足腰に力を入れ耐えるべく備えていた隆静だがまるで氷の上を滑るが如く三人まとめて紫に覆われた大地の上を吹き飛ばされる。
「う、ぉおおおお!!」
盾を地面に突き立て抵抗を作り出し、地を削りながら止まる。
「隆静、前!」
光輝の声に視線を上げれば、目の前に有るのは黒い剣の鋒。
「ッ、【瞬応】!」
身体を一瞬だけ過剰に強化し、盾を持ち上げ割り込ませる。
ギィン! と剣を弾くと共に何かが砕け散る音が響く。
「──盾で視界を塞いだのは下策だ」
弾かれた『黒剣』を基点として空間を割って距離を詰めた零刀は盾の内側へと身体を滑り込ませる。
「それと、攻撃を止めた盾役からは距離を取ってやれ。

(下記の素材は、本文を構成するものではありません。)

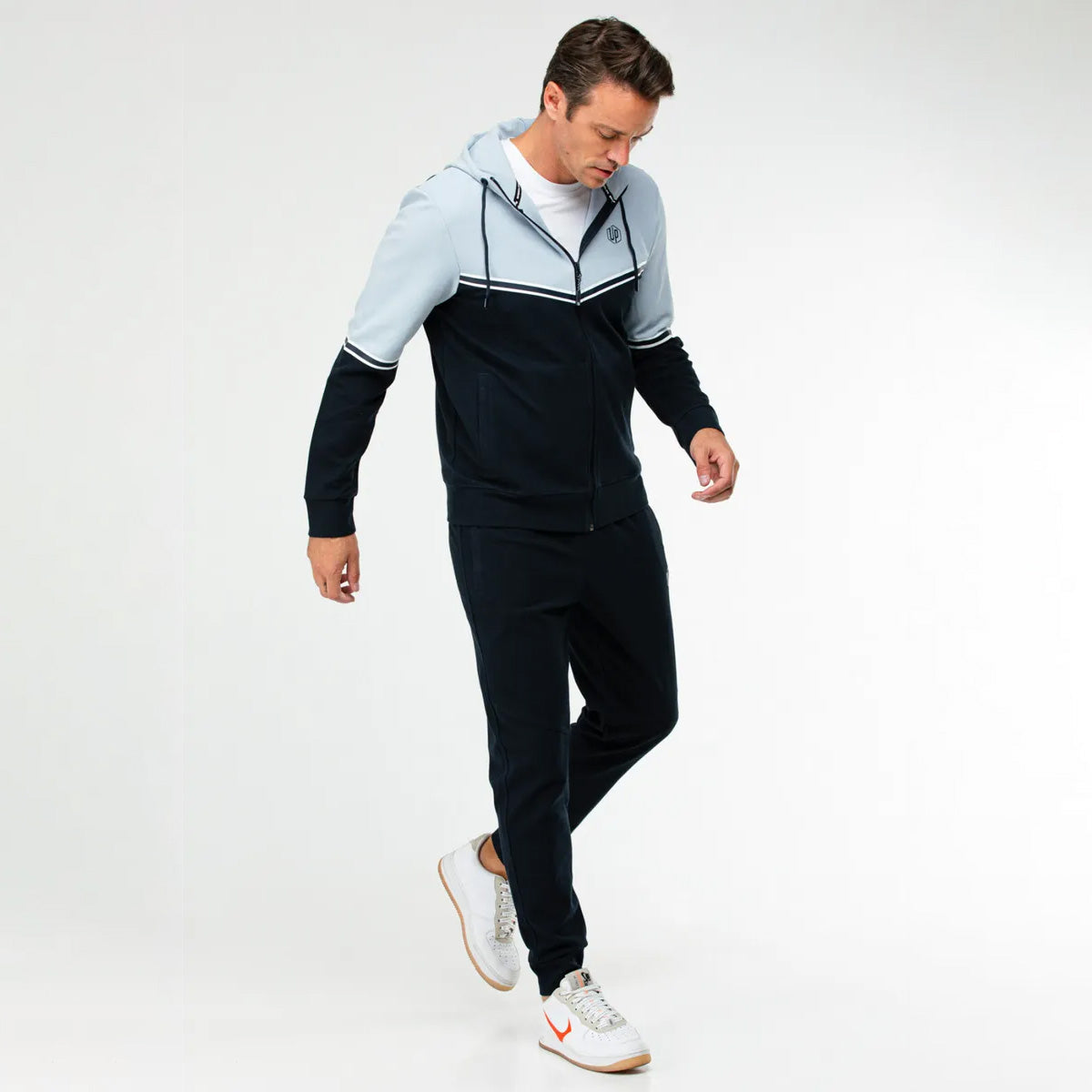 Survêtement Homme à Capuche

避けれるものも避けれなくなる」
近くの隆静に空いた手を、その後ろにいる光輝に『白剣』の鋒を向ける。
「【意識消失】」
その一言で、二人は糸の切れた人形の様に崩れ落ちる。
「さて……お前の方が勘はいいみたいだな」
少し距離を取っていたリアを見ながら呟く。
そのリアはと言えば薄く紫が纏わり付き、身動き出来ないでいる。
「ま、魔眼?」
「まあ、似たようなもんだよ。今は【紫耀の瞳】って言うんだが……効果は今お前の受けている通りだ」
紫に耀く眼を彼女から逸らさずに『黒剣』を拾って歩み寄る。
「【巨が如き一撃】!」
──その零刀を大槌の一撃が襲う。
「『泥よ。護れ』」
「うりゃああああああ!」
大槌と零刀の間に黒い【泥】が壁を作るがその一撃は壁ごと零刀を吹き飛ばす。
──そして吹き飛ぶ零刀を桜が追う。
(ッ! これはちょいと不味いか!?)
「──【全壊の植撃】!」
「【壊離】!」
避けれないと察した零刀は手元の空間を【破壊】して振るわれる拳へ魔力をぶつけて角度をそちらへ変える。

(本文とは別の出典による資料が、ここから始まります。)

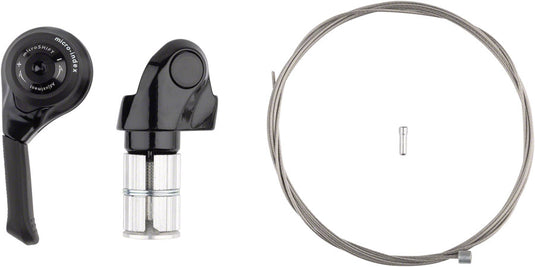 Friction Shifter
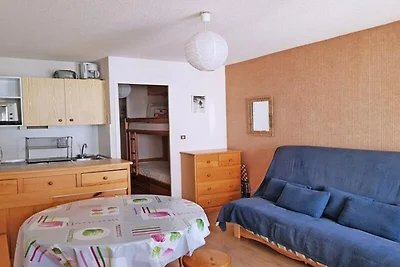 Appartamento a Serre Chevalier vicino agli im...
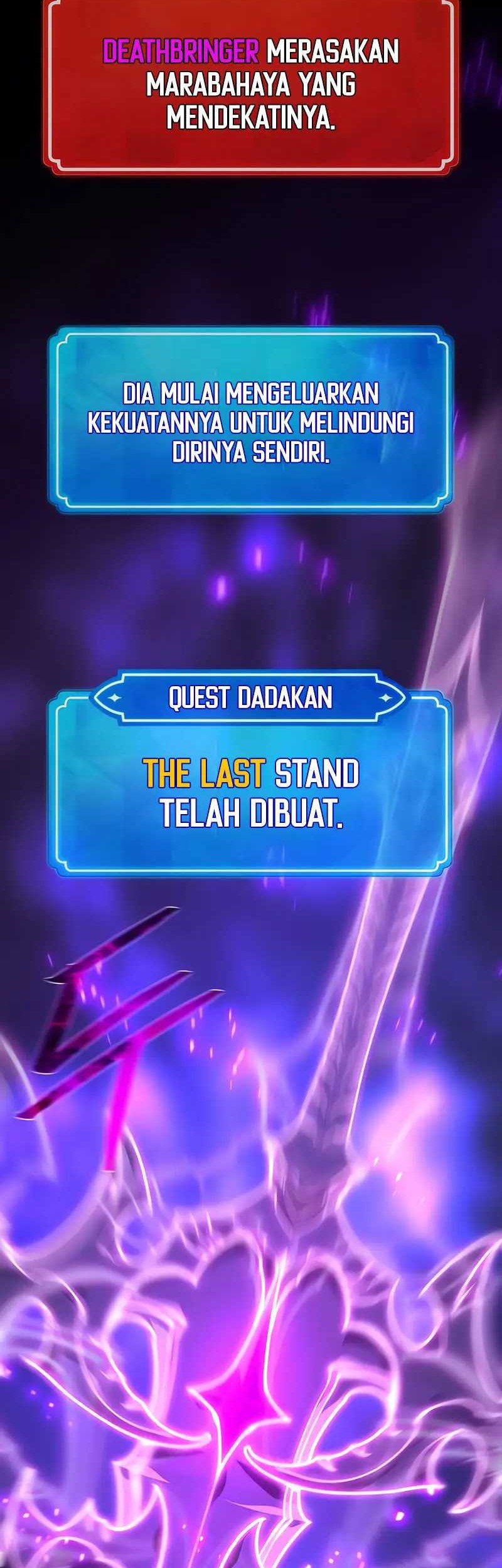 The Game’s Greatest Troll Chapter 65 - halaman 7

その結果、破壊された空間の穴に拳が振るわれ、繋げてあった数十メートル後方が木々に呑み込まれることになった。
「とったと思ったんだけど……逃がしましたか。──彩ちゃん!!」
次の瞬間には零刀の姿は無く、もう一つ割られた空間が閉じていくのを見て桜はそう叫ぶ。

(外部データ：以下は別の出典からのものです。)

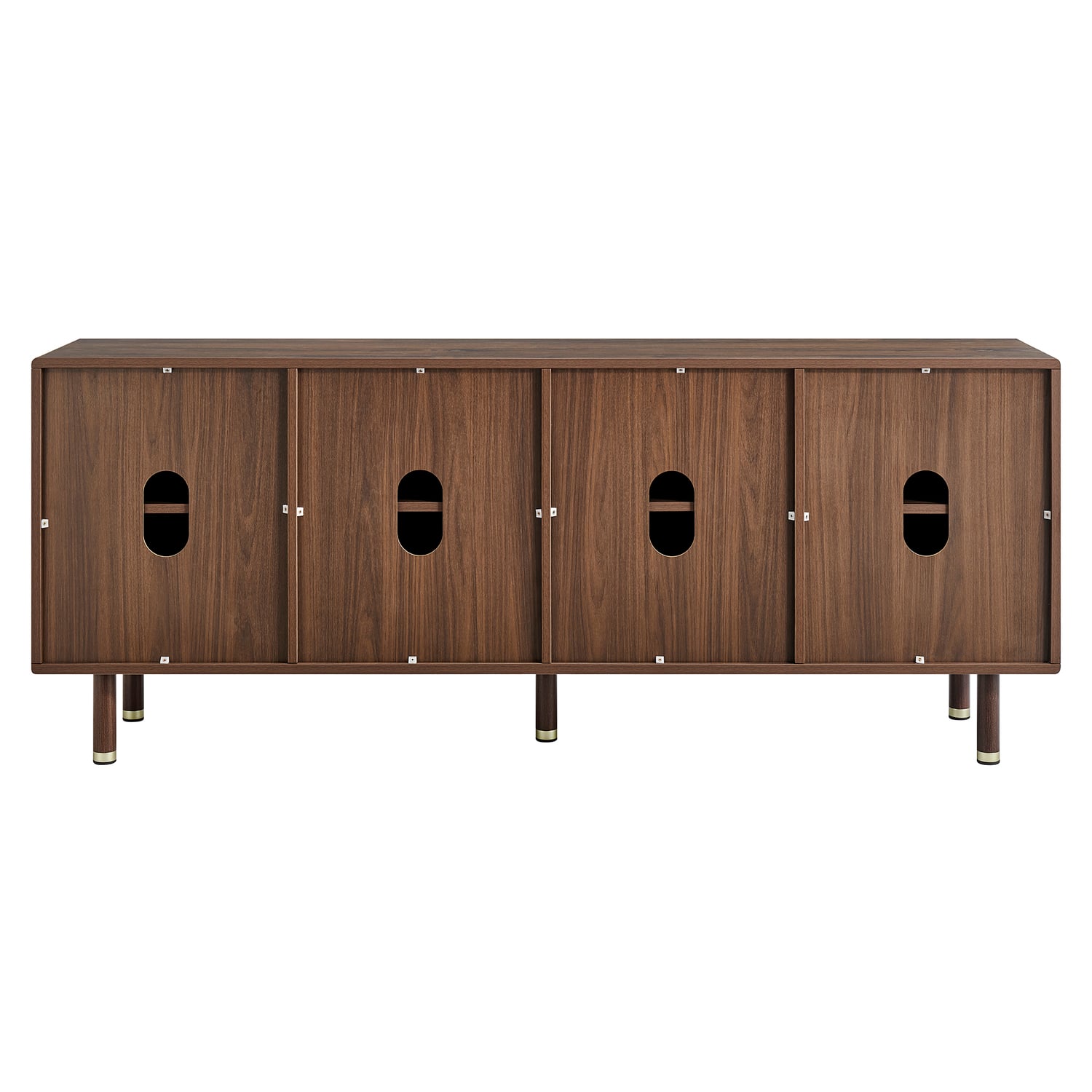 Nina 4 Door Sideboard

「『其れは陽の欠片。遍くを燃やし尽くすモノの欠片』。【爆ぜる陽──】」
「──『我は其れを否定する』【魔法否定】!」
集まり始めた炎へ向けて零刀は黒い魔力をぶつける。
構築途中の【魔法】はその『否定』に当てられバランスを崩し、魔力の暴風となって霧散する。
(速いのが二つ。重いのが一つ。支援と火力、範囲までカバーできる後衛が一つ。特に速いのが辛いな。後衛を潰しに行こうとしても追いつかれるか。──各個撃破だな)
駆け来る前衛の奴らを見ながら両手を地につける。
「【血濡の黒杭】!」
黒耀の杭がまるで剣山のように次々と突き上がり、個々の姿を隠す。
『黒耀石』はこの世界に置いて加工、もしくは破壊することが圧倒的に難しい物質である。
それが乱立する様はまるで不壊の森の如し。
分断されたせいで協力する事も難しく、仲間を巻き込む可能性が高いからと【魔法】を叩き込む事が難しく、相手を視認できない今、スピードを生かした攻撃をする事も難しい。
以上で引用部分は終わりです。